With the ECJ ruling on the restructuring clause, the Commission has suffered a painful defeat. The ECJ rejected the "abbreviation" of the determination of the selectivity of a fiscal rule according to whether a tax-privileged scheme is not open to all companies in a legally and actually comparable situation, and re-established the classic three-stage review. The ECJ stressed that the "reference system" must be determined in a broad approach. According to this, an exception to a restricting rule (here, the end of loss offset after a change in shareholders) only restores the general principle of loss offsetting.
In 2011, the European Commission issued a decision ruling that the so-called Restructuring Clause in Section 8c (1a) of the German Act on Corporation Tax constitutes prohibited State aid. The consequence was the recovery of the relevant tax savings as a result of the offsetting of losses with subsequent profits.
The insolvency administrator of the now insolvent Heitkamp BauHolding GmbH appealed, along with many other companies and the German Federal Government, against the Commission's decision and was now successful in second instance by the European Court of Justice (ECJ). The European Court as first instance had followed the European Commission.

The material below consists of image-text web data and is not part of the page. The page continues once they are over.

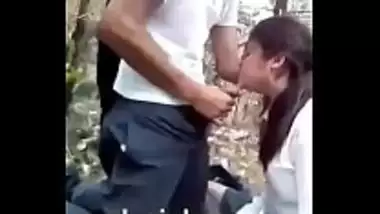 Desi school girl blowjob in the middle of the jungle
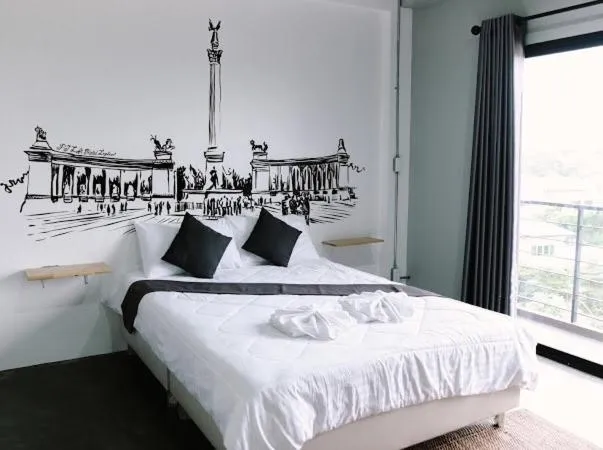 Bed in PJ Loft Hotel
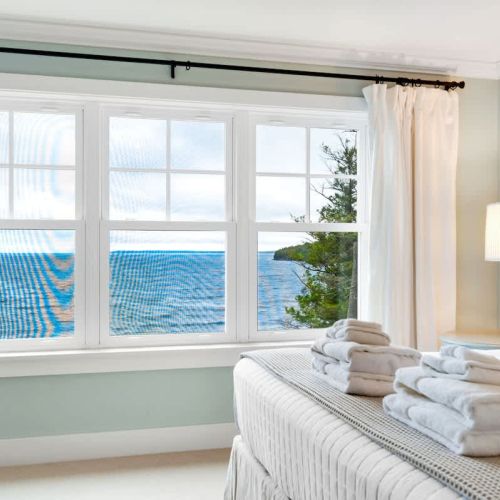 Upstairs, the master suite features a king bed with stunning bay views.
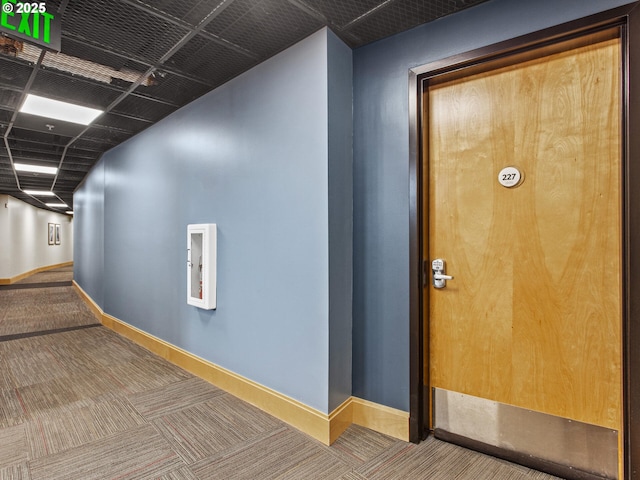 corridor with carpet flooring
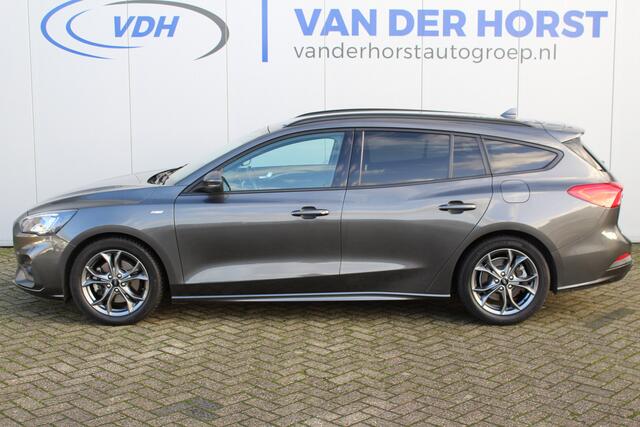 Ford FOCUS Wagon 1.0-125pk EcoBoost ST-Line AUTOMAAT ! Heel erg nette en goed onderhouden Ford Focus ST-Line wagon automaat. Volautm. airco dual, stoel-, stuur- en voorraamverw., camera, trekhaak, navigatie, telefoonvoorb., LM wln, cruise cntrl, skiluik etc., etc...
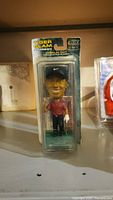 Photo of the packaged Tiger Woods bobblehead from front, showing figure and packaging details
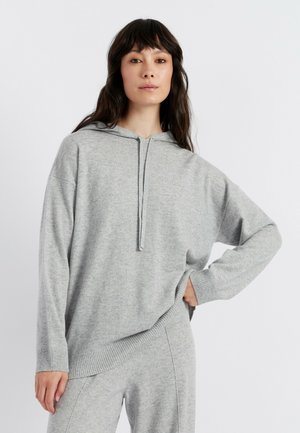 Sweatshirt à capuche grise en tissu doux et tricoté. Présente un col zippé mi-haut, des manches larges et un ourlet côtelé. Associé à un bas assorti.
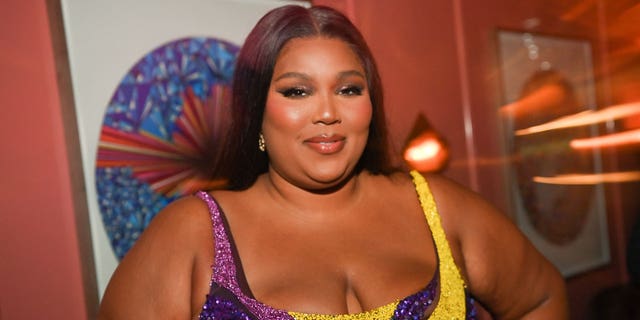 Lizzo admitted she wouldn't have been able to listen to the music she creates now when she was growing up due to her religious upbringing.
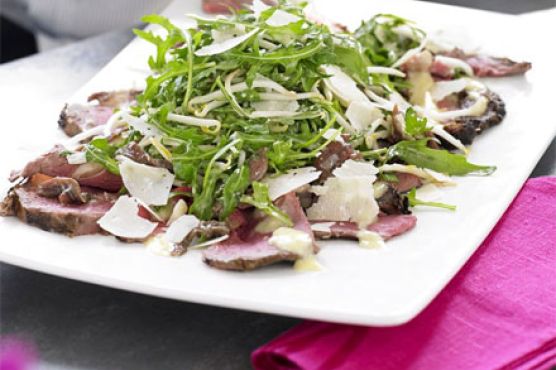 Rare beef & anchovy salad with rocket & Caesar dressing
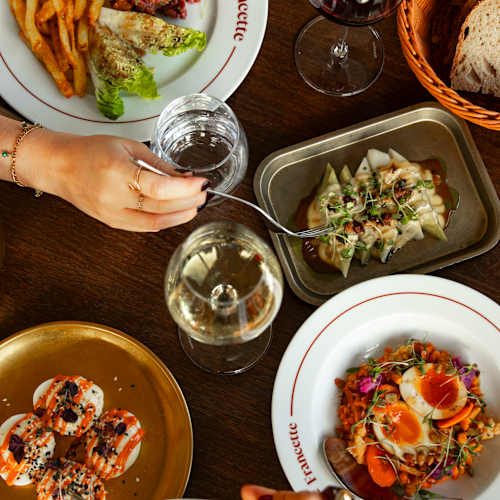 A shared table of bistro dishes at Francette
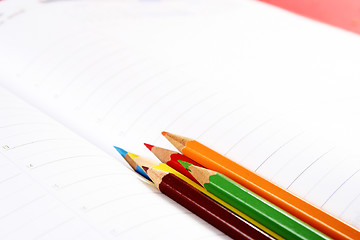 Image showing Color pencil and agenda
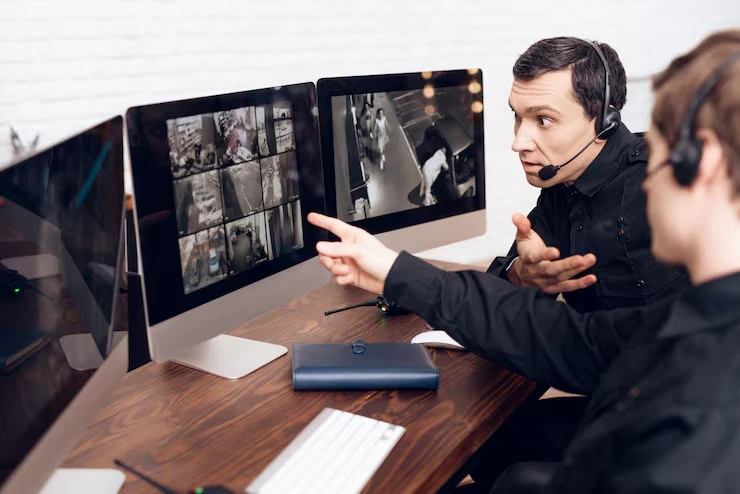 Event production team coordinating live streaming and virtual attendee management using multiple monitors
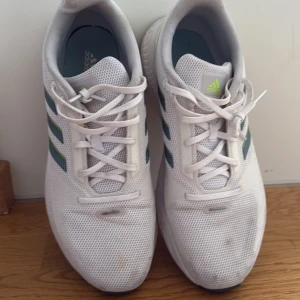 Adidas sportskor - Fräscha vita Adidas sneakers med mesh-ovandel, klassiska tre ränder i mörkgrönt och limegrönt på sidorna samt logga på plös och häl. Skorna har snörning och platt sula, perfekt för träning eller vardagsstil. Lätta och andas bra tack vare materialet.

Exceptionally, under certain circumstances, the Restructuring Clause allows for full offsetting, in spite of the otherwise harmful shareholder change of more than 25%, if the purchase of the shares is part of a restructuring. The exclusion of loss offsetting should prevent trade in loss carryforwards ("shell purchase"). The Commission and the subsequent European General Court considered that this favored firms in need of restructuring who were in a "comparable legal and factual situation” with regard to the possibility of offsetting losses, like other companies not in need of restructuring. The reference system and thus a benchmark for a preferential treatment should have been the restriction of loss offsetting in the case of a change of shareholders.
Contrary to that, Advocate General Vahl, whom the ECJ followed in its decision of 28th June 2018, qualified the generally admissible loss carryforward as reference system, which is restricted by Section 8c of the German Act on Corporate Tax in the event of a change in the shareholders. As an exemption to the exemption, only the basic rule of loss offsetting is restored. Since the Commission had thus wrongly determined the reference system, the ECJ annulled the Commission decision.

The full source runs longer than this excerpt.